Washington Library Association
- Formation: March 27, 1905
- Headquarters: Seattle, Washington
- Website: wla.org

= Washington Library Association =

Professional association in Washington state, US

The Washington Library Association (WLA) is a professional organization for librarians and library workers in the U.S. state of Washington. It is headquartered in Seattle and has 1,504 individual members and 49 institution members as of 2019.

WLA was founded by the Washington State Library at a meeting in Tacoma on March 27, 1905. Meetings were held annually until 1909 when the first WLA was merged with the newly formed Pacific Northwest Library Association. It was briefly organized as the Puget Sound Library Association and then re-established in its current form with its first meeting on June 30, 1932. The WLA has published an academic journal called Alki since 1983.
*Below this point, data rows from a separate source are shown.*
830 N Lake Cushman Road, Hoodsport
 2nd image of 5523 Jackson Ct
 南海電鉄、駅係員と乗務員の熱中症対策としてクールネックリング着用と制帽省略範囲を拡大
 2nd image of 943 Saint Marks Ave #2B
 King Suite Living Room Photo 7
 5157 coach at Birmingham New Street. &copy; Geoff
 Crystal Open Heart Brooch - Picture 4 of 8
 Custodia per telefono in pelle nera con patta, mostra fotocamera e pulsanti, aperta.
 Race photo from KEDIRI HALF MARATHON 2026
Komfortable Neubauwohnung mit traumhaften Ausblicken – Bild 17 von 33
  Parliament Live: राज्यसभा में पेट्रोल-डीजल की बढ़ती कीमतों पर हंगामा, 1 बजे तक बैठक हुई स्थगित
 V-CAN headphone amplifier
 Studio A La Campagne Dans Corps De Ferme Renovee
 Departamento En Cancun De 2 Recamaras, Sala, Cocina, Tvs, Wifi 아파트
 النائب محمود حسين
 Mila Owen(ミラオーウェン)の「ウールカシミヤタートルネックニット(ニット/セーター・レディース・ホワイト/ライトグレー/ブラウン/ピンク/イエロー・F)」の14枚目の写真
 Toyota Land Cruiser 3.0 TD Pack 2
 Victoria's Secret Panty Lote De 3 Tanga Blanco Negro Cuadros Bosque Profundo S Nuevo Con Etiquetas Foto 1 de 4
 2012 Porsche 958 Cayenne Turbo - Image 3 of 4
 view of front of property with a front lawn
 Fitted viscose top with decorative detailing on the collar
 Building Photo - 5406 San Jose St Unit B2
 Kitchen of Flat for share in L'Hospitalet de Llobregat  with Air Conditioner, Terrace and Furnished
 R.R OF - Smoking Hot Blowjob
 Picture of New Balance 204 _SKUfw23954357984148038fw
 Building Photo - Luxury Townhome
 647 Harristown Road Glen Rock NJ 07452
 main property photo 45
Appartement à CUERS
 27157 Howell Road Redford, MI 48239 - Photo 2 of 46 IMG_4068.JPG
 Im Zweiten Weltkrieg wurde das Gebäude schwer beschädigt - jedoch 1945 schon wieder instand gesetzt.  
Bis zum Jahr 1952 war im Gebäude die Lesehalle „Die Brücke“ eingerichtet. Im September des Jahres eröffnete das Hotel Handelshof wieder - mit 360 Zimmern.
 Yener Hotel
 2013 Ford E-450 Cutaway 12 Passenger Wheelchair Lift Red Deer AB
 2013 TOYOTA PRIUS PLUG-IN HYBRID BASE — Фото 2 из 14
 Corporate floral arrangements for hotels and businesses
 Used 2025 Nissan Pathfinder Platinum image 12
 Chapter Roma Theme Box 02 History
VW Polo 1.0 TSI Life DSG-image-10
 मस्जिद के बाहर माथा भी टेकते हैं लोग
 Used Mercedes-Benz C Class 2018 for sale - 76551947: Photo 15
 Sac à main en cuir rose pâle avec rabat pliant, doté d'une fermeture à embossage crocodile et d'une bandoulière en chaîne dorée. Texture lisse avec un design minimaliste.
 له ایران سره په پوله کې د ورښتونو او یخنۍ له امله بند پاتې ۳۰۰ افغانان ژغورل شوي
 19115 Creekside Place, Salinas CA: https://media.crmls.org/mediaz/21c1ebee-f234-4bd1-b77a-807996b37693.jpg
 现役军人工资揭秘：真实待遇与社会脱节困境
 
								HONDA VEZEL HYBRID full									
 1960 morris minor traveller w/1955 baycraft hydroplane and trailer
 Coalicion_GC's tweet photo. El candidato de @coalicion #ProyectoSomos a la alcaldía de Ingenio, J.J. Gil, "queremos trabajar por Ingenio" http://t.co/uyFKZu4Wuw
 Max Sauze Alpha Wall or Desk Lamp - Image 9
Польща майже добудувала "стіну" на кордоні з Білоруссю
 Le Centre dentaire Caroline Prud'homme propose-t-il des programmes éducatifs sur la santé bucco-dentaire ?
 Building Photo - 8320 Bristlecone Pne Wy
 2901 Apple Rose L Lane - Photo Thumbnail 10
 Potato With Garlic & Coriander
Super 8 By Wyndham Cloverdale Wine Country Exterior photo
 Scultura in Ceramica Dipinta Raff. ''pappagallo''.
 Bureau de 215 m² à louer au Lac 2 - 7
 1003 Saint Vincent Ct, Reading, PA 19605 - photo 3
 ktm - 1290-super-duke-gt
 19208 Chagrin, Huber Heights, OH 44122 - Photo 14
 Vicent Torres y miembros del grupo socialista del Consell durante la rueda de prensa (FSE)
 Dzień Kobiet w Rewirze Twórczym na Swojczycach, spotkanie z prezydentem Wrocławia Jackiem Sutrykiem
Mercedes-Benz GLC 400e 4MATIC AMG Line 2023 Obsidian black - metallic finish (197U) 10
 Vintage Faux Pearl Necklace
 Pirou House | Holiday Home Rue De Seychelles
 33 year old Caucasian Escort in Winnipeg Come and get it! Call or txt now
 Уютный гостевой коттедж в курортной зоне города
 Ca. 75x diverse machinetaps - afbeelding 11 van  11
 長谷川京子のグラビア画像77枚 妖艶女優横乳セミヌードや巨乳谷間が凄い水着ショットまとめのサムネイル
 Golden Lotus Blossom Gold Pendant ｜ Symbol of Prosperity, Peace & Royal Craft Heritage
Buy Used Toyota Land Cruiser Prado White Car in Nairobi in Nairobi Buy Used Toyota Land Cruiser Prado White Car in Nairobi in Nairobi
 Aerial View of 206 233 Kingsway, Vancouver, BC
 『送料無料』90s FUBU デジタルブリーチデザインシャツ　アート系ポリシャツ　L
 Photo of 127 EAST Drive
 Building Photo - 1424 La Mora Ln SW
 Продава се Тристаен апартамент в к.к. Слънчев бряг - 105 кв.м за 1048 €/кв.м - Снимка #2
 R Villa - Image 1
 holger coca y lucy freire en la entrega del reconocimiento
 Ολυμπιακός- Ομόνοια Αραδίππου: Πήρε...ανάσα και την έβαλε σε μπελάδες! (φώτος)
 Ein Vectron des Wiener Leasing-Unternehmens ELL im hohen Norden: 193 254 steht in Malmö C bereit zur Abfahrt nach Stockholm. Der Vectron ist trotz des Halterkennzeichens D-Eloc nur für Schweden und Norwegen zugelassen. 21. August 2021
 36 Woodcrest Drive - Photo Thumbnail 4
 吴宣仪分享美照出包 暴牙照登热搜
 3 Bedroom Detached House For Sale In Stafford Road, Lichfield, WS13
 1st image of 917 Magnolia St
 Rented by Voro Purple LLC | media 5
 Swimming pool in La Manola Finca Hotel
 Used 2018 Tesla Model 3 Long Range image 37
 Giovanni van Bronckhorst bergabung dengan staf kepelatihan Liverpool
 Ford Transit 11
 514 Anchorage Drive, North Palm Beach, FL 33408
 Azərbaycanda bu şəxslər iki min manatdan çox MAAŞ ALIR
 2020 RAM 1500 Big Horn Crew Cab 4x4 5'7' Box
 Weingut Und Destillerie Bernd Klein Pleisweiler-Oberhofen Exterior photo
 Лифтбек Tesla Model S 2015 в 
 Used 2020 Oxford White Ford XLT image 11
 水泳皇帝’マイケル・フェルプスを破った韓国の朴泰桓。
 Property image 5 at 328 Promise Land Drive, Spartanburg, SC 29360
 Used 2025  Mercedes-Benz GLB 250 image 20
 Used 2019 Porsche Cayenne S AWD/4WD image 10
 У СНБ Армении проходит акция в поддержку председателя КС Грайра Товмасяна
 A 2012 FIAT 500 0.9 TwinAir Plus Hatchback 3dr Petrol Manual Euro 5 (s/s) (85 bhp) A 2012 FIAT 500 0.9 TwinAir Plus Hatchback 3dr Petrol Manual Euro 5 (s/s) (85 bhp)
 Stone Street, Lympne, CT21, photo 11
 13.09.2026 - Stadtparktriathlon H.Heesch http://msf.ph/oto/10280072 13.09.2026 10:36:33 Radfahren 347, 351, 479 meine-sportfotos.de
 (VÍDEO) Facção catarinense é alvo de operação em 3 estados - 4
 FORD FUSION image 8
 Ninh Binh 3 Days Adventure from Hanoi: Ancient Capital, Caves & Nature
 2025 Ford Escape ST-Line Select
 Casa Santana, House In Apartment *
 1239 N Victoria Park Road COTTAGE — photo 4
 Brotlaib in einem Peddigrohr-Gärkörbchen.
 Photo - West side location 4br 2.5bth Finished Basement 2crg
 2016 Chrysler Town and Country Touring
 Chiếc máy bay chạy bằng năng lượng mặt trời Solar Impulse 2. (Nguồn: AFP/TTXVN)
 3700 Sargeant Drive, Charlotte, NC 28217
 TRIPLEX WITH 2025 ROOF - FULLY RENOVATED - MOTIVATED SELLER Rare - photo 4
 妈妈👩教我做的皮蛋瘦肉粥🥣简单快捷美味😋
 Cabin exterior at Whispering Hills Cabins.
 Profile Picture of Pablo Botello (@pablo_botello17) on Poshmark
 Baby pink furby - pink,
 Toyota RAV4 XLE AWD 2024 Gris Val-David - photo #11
WLA has four divisions: Academic, Public, School, and Special. WLA also has eleven interest-based sections, Collection Development & Technical Services (CATS), Children's and Young Adult Services (CAYAS), College Libraries Across Washington State (CLAWS), Intellectual Freedom Section (IFS), Leadership is For Everyone (LIFE), Library & Information Student Section (LISS), Serving Adults in Libraries (SAIL), Social Responsibilities (SRRT), WA Library Employees (WALE), WA Library Trainers (WALT), and WA Library Friends, Foundations, Trustees, and Advocates (WLFFTA).